Abstract

Heart failure (HF) in diabetes is an emerging topic both in epidemiological and in clinical and basic research. Over the last 12 months, Diabetes and Vascular Disease Research already published two editorials on ‘heart failure and diabetes’1,2 and continuing this theme in the present issue highlights the need for action.
The term ‘diabetic cardiomyopathy’ was brought up in 1972 by Rubler et al. 3 defining a ‘myocardial dysfunction in patients with diabetes in the absence of coronary artery disease hypertrophy of valvular disease’. Over the last four decades, dozens of publications have presented data on this topic and discussed a direct role of diabetes in myocardial changes unrelated to associated risk factors and other cardiac diseases; still, as of yet it is a matter of debate whether diabetic cardiomyopathy exists as a separate disease entity. Despite these debates and discussions, the clinical presentation of HF in diabetes with its prognostic implications has been underestimated by both diabetologists and cardiologists. Only over the last 15 years, it became evident that HF incidence and prevalence is high in patients with ‘pre-diabetes’ and diabetes. Data from various large epidemiological studies suggest that diabetes is associated with an increased risk for incident HF with a rate of 20–35 per 1000 patient-years reflecting a 10%–12% incidence over 3 years.4,5 In addition, a very elegant study published by Shah et al. 6 last year suggests that in subjects with type 2 diabetes, HF is the second frequent reason for initial clinical presentation for cardiovascular disease. Interestingly, the presentation with HF is more frequent than stable angina or non-fatal myocardial infarction. Of note, the most frequent reason is peripheral artery disease.

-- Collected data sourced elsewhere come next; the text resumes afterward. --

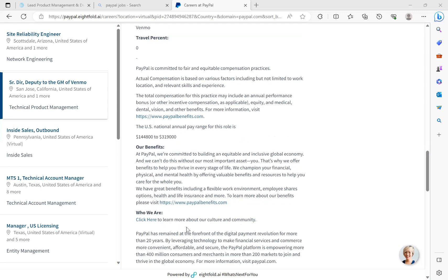Let's get right into the salary and what this pays so you can see how good this job is. This job pays $319,000. The total compensation for this practice may include an annual performance bonus, equity, medical, dental, and vision. It says the U.S. national pay range for this role is between $144,000 and $319,000. So it starts off at $144,000, and you can go up to $319,000. Go rewrite your resume so that you can land this job. This job is absolutely too good to let go.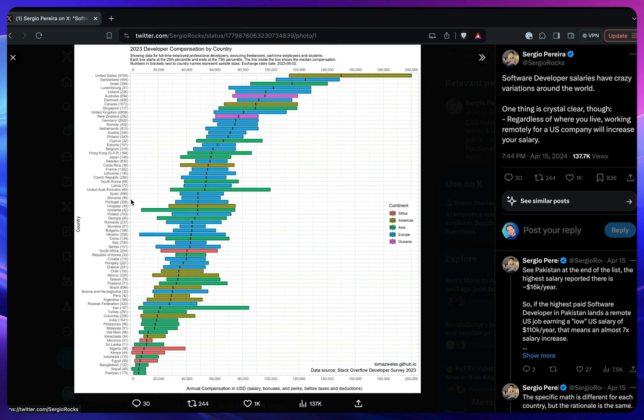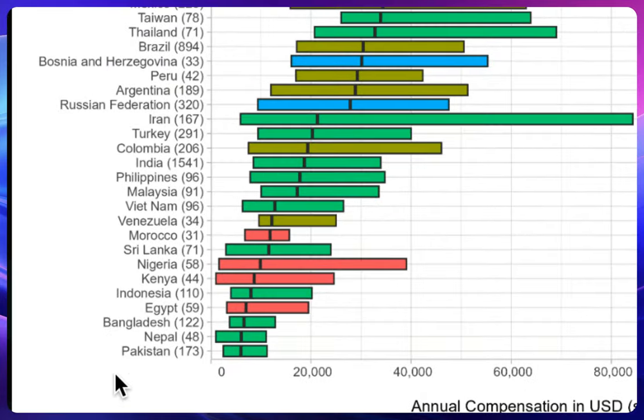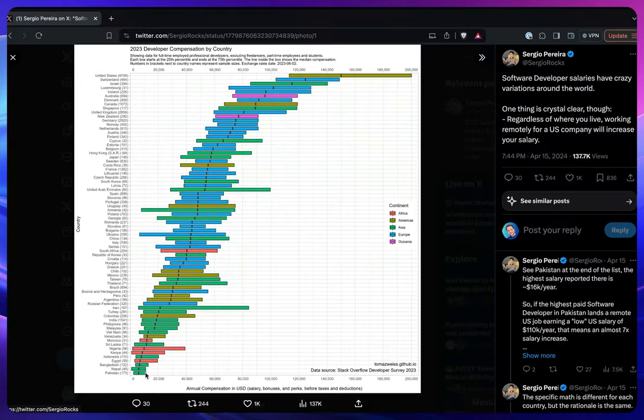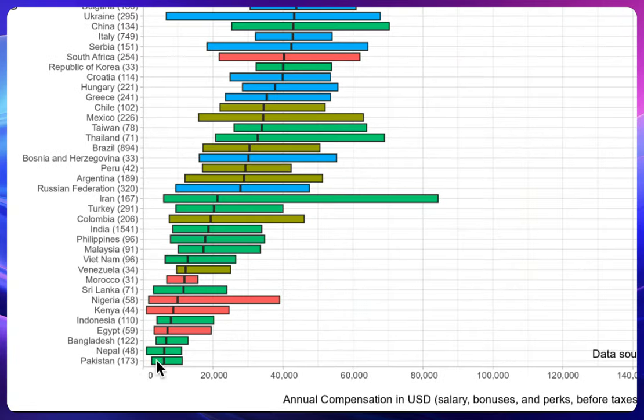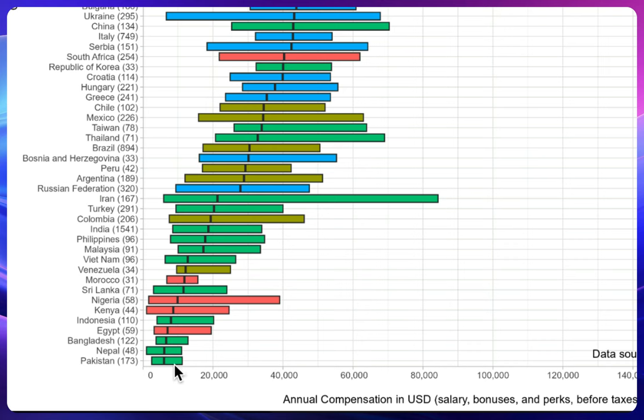I'm going to start from the very basic - it's from Pakistan. You can see the minimum salary and the maximum salary. It's crazy, really crazy. In Pakistan it's around $16,000, in Nepal it's almost the same, Bangladesh as well.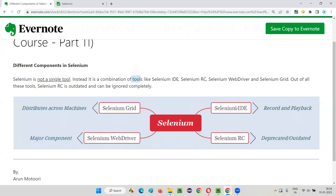So Selenium IDE is the record and playback component of Selenium, generally for non-technical users or employees who don't have any programming knowledge but still want to automate applications. Coming to Selenium WebDriver, this one requires a programming language and is a major component — everyone uses it to automate applications. Then we have Selenium Grid, which distributes scripts across machines. With Selenium Grid you can connect different machines in a network and distribute your automation scripts across multiple machines, saving time.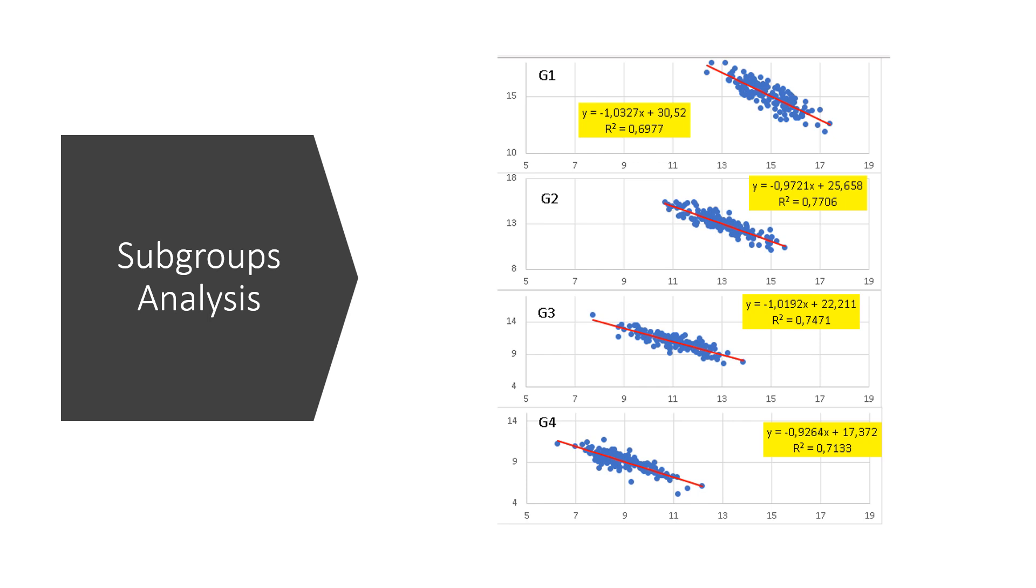The other thing we notice is that the slopes of the regression lines are all negative, as opposed to the grouped data. This is what Simpson's paradox is about. We get a different result analyzing the groups separately and the grouped data.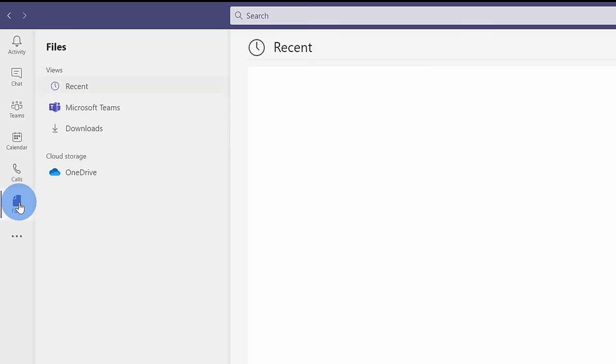Down underneath that, there's also the files view. Here, you could see all of your files within OneDrive, and you could see all of the files that you have access to within Microsoft Teams.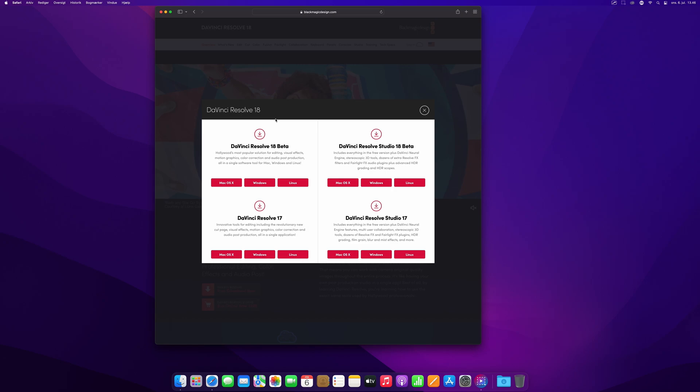I would recommend if you have any active working projects that you only use the finished versions, the ones that are out of beta, which would be 17, or if you have the paid version, Resolve Studio 17. But if you don't have any active working projects...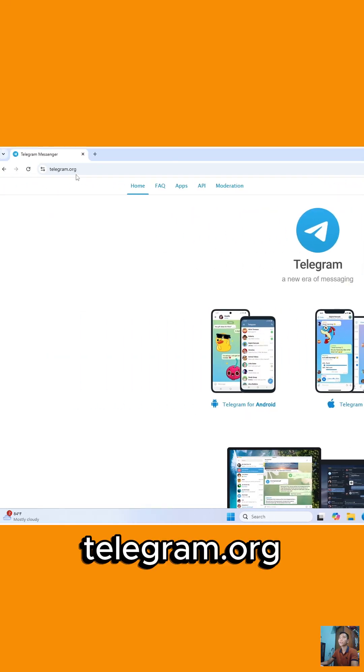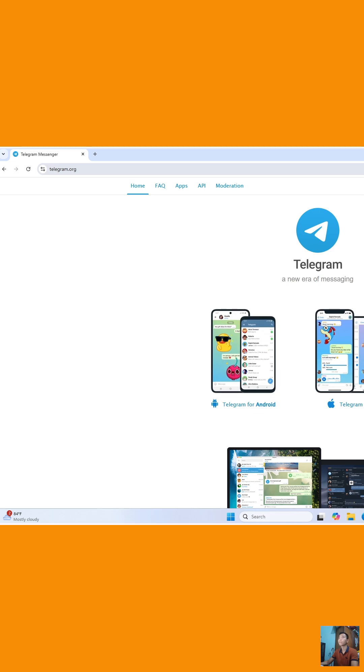Next, go to the official Telegram website. After accessing the Telegram homepage, click on Apps.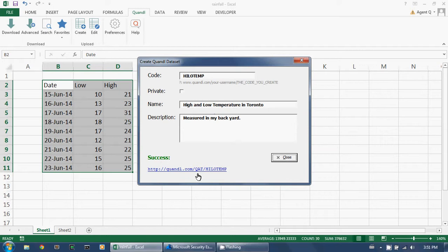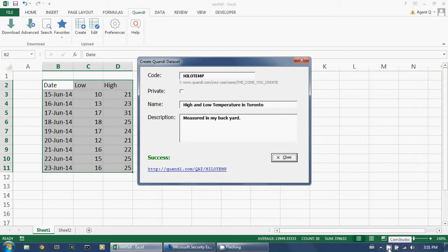Success! The dataset has been created directly on Quandl.com, and I can view it at Quandl.com slash qat, that's my username, slash hilotemp, which is the Quandl code that I just gave it.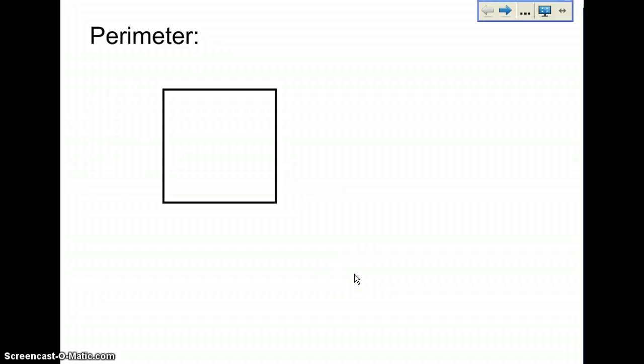So this is your lesson, and it's a measurement lesson, and we're going to start with perimeter.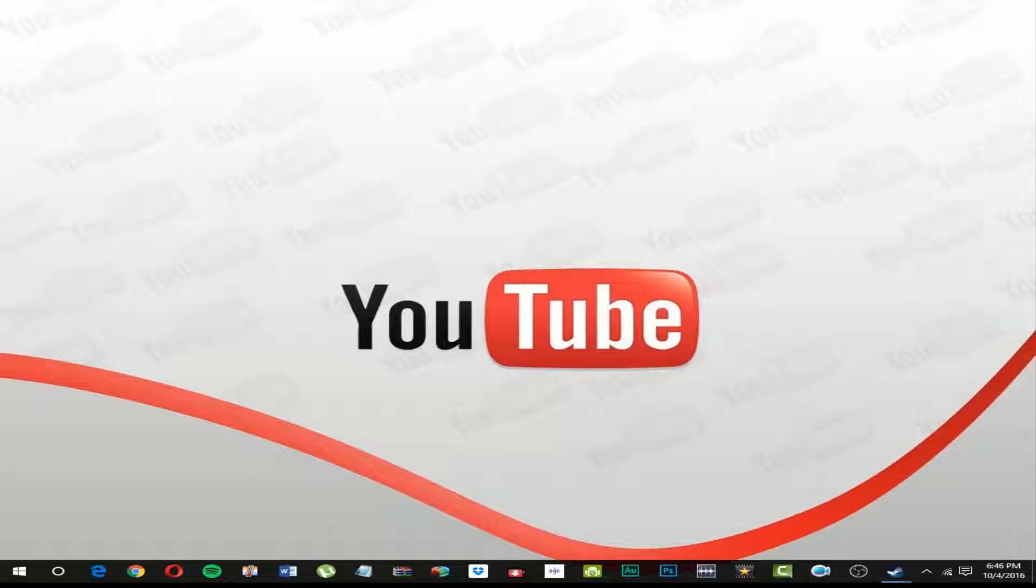Now let's get to our video. This is gonna be about the web browser Opera and three reasons why I use it. So let's get to it.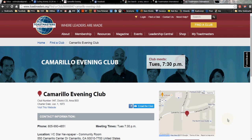Hello again everybody, this is Toastmaster Tim with yet another Free Toast Host tutorial on how to use your Free Toast Host website for Toastmasters. Today I'm talking about how to link your club website to Toastmasters International's website. This is number 10 in the series.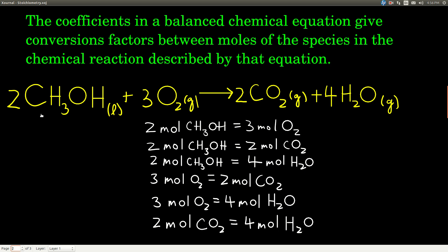We also know that two moles of methanol produces four moles of water. Three moles of oxygen is equal to two moles of carbon dioxide. Three moles of oxygen is equal to four moles of water. And two moles of carbon dioxide is equal to four moles of water. So we know all of that just from looking at a balanced equation.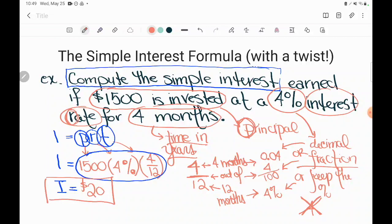This is a trickier example of simple interest, even though the formula is on the GED formula sheet. It's really just a muscle-building activity for close reading skills and using formulas. If you're wondering where to focus, prioritize the geometry formulas — those are super popular. The first half of the GED formula sheet covers area, perimeter, surface area, and volume, and you'll need to use those very fluently. Don't worry about this one too much.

Once HF is present diabetes, these patients exhibit a higher mortality compared to HF patients without diabetes and up to 50% of all patients with diabetes hospitalized for congestive HF die within 3 years. 7 Apart from this, the risk of hospitalization for HF in patients with diabetes is by far higher than in subjects without diabetes – a finding that became evident in various large HF trials published over the last decades (e.g. SAVE, VALIANT, CHARM). 8
The recognition of the prognostic impact of HF in diabetes was paralleled by a better understanding of the different HF phenotypes dichotomizing patients in those with reduced (HFrEF) and preserved ejection fraction (HFpEF). No matter whether patients with diabetes suffer from HFrEF or HFpEF, their prognosis is worse than in HF patients without diabetes. Despite these striking data on HF in diabetes, HF itself has not been included as a primary endpoint in the recent large cardiovascular outcome trials in diabetes. Only the recently published EMPA-REG OUTCOME (Empagliflozin, Cardiovascular Outcomes, and Mortality in Type 2 Diabetes) trial with its surprising finding of a very rapid and highly significant reduction in hospitalization of HF by empagliflozin versus placebo 9 has shifted our attention away from the classical atherosclerotic endpoints myocardial infarction and stroke towards the clinically similarly meaningful endpoints of hospitalization for HF and HF death. The implementation of platelet inhibition, angiotensin-converting enzyme (ACE) inhibitors and statins in patients with diabetes has led to a robust reduction of coronary endpoints like myocardial infarction and hospitalization for unstable angina over the last decades, but we have been less successful in the improvement of HF endpoints in diabetes especially in HFpEF. This may be due to the fact that we need a better phenotyping of our HF patients to improve the taxonomy of HF in diabetes. Thus, we have to employ bio-informatics, cluster analyses and modern big-data approaches to better characterize HF patients with diabetes with the aim to develop more individualized and tailored therapies.
Given the increasing prevalence of diabetes and HF and the bad prognosis of HF patients with diabetes, we need a better understanding of the pathophysiology of HF in these patients, a more sophisticated phenotyping employing modern technology and – based on this – the development of tailored strategies to address this emerging problem in our patients.